Then there are the infamous “starter marriages.” These are marriages between people in their 20s that usually last less than five years and don’t involve children. The problem with these is that getting divorced once means you will probably divorce again. 67 percent of second marriages and 73 percent of third marriages end in divorce. A recent survey of millennials found that 43 percent of them would like a starter marriage that could be either “renewed” or easily dissolved after two years. 36 percent thought that marriage licenses should be treated like mortgages, on fixed year terms that have to be “renegotiated” once they run out. If this is how we really think marriage should be approached, why have it at all? Why not just live together for as long as you want, and if you break up there is no legal aspect involved?
2. It Fixes Some Legal Issues With Other Types of Relationships
Remember way back in the hot summer of 2015, when it seemed like Obama would be president forever and gay people finally got the right to get married? It was the end of a decades-long slog toward equality, and there was every chance it wouldn’t happen. Until the decision was released, people still thought the five conservative judges might block marriage equality. Fortunately, one of them flipped. But it is easy to forget just how long and hard the fight was, and how close it came to not happening.
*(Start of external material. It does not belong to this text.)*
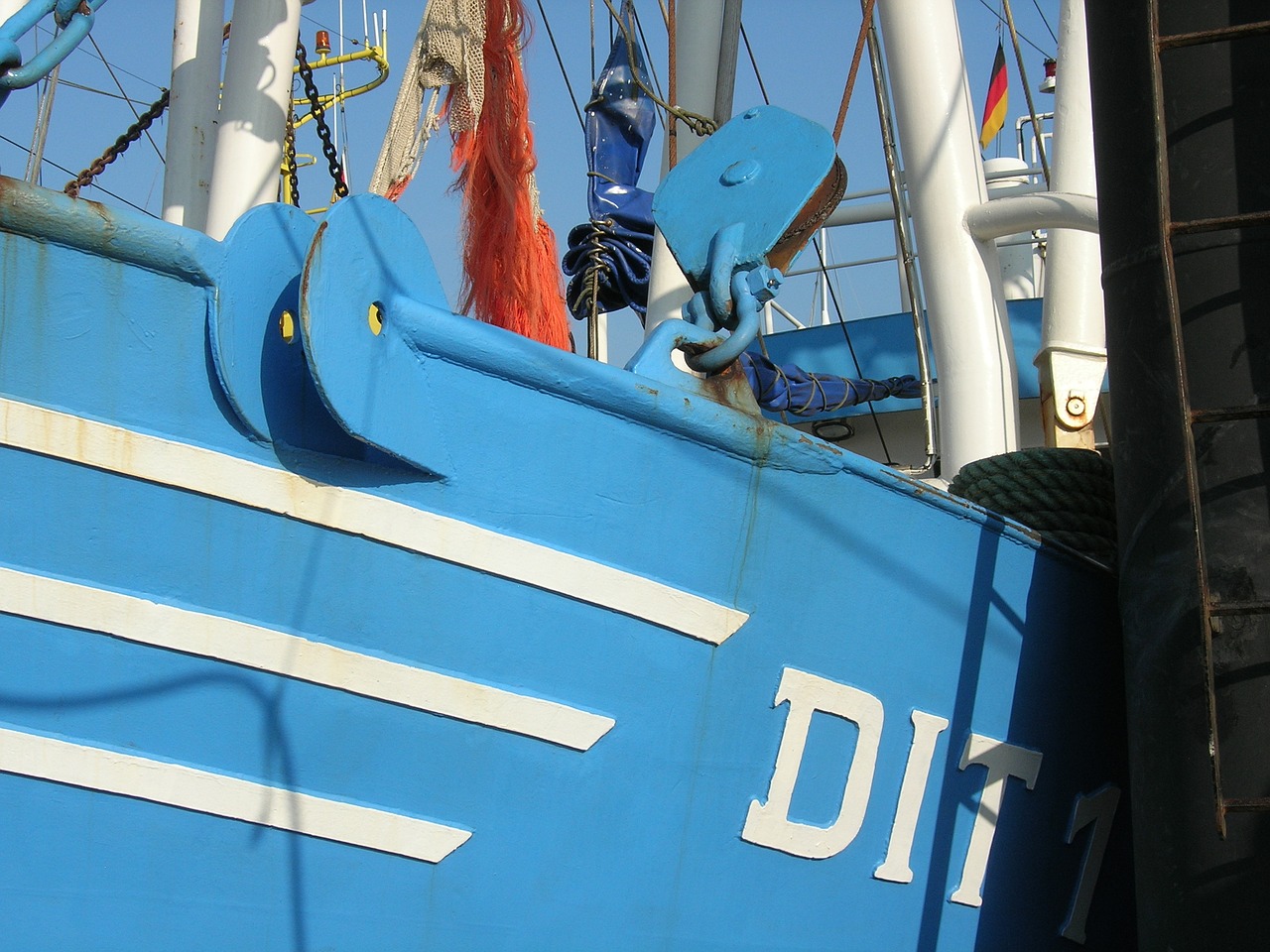 fishing vessel blue summer free photo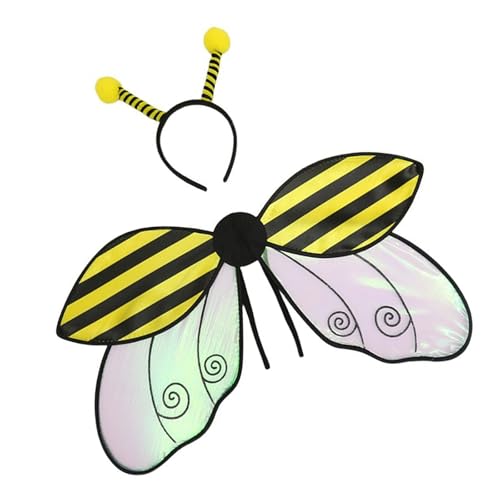 Zxfdsfdbnm Marienkäfer-Flügel mit Stirnband, Bienen-Flügel-Bienen-Kopfschmuck für Halloween, Weihnachten von Zxfdsfdbnm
Within hours of the decision, think pieces appeared on the “next logical step”: legalizing polygamy. Now, we’re not talking about weird old guys in cults forcing dozens of underage girls to marry them. This is about three or more consenting adults who want to be, for lack of a better word, a couple. Is there really anything wrong with that? If there is anyone out there who loves to cook and clean and maybe knows how to fix cars, I would gladly welcome you into my marriage. In 2015, only 16 percent of people found polygamy “morally acceptable” but that was more than double the 7 percent who thought so in 2001. But it will be another long hill to climb before any case on polygamy gets to the Supreme Court. The simplest way to fix this? Take the legal aspect of marriage out of the picture entirely.

This will work for millennials as well, who are more likely to be in polyamorous relationships than any other group. According to one poll, only 51 percent of people under 30 say that their perfect relationship would be completely monogamous. This is compared to the 70 percent of people over 65 who only want to bump uglies with one person at a time. If we get rid of marriage, millennials can form lasting relationships with any number of people and have them all be equally important.
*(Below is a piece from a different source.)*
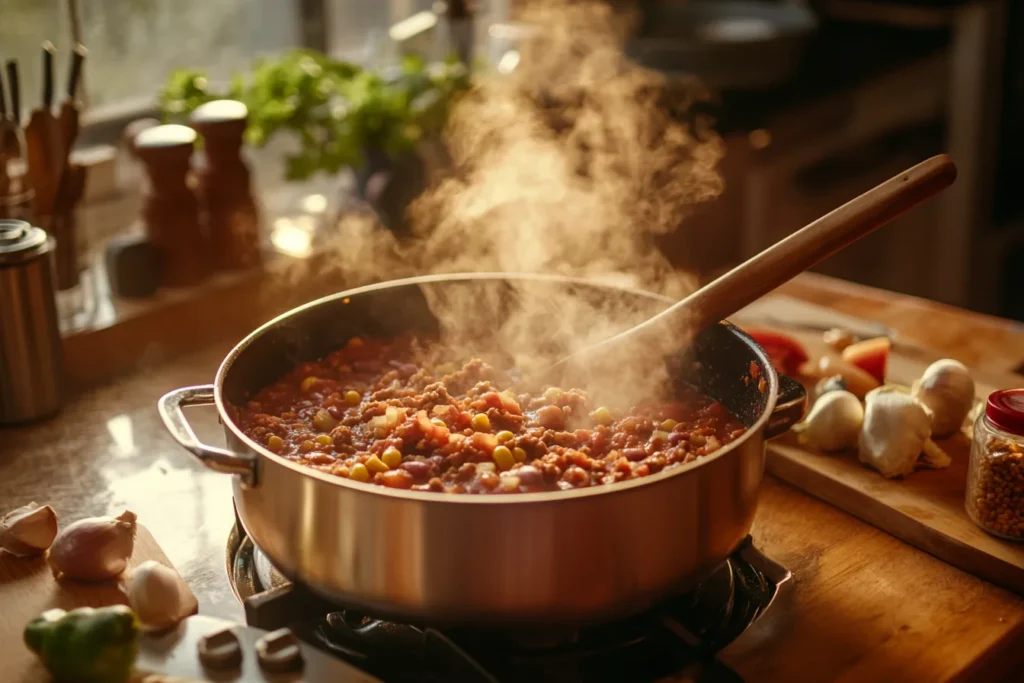 Onions and ground beef cooking together in a pot.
3. It Ends The Wedding-Industrial Complex

You can’t spend an hour online without finding some millennial talking about the unfairness of student debt. And they’re right, it sucks to start adulthood with negative money if panhandling wasn’t your dream in life. Now that you’ve graduated, you’re right in the sweet spot, age wise, for marriage. Time to bust out the calculator.

According to a survey of 13,000 brides and grooms who got married in 2016, the average American wedding now costs over $35,000. That doesn’t even include costs like the engagement ring, the honeymoon, and the interest you will be paying for years. And sure, some people’s parents pay for their big day, but not everyone is that lucky, which is why a full one-third of couples go into debt to pay for their wedding.

That is worse than it sounds. Money is the biggest cause of stress in a marriage. According to a study of 4,500 couples, money arguments last longer and are more intense than fights over anything else. And if you fight about money issues early on in your marriage, the same study shows you are more likely to end up divorced. One older study found that 10 percent of people broke up mainly because of financial problems, and a whopping 57 percent said it was a primary cause of their divorce. Suddenly that $35,000 party you put on your credit cards isn’t looking like such a brilliant idea.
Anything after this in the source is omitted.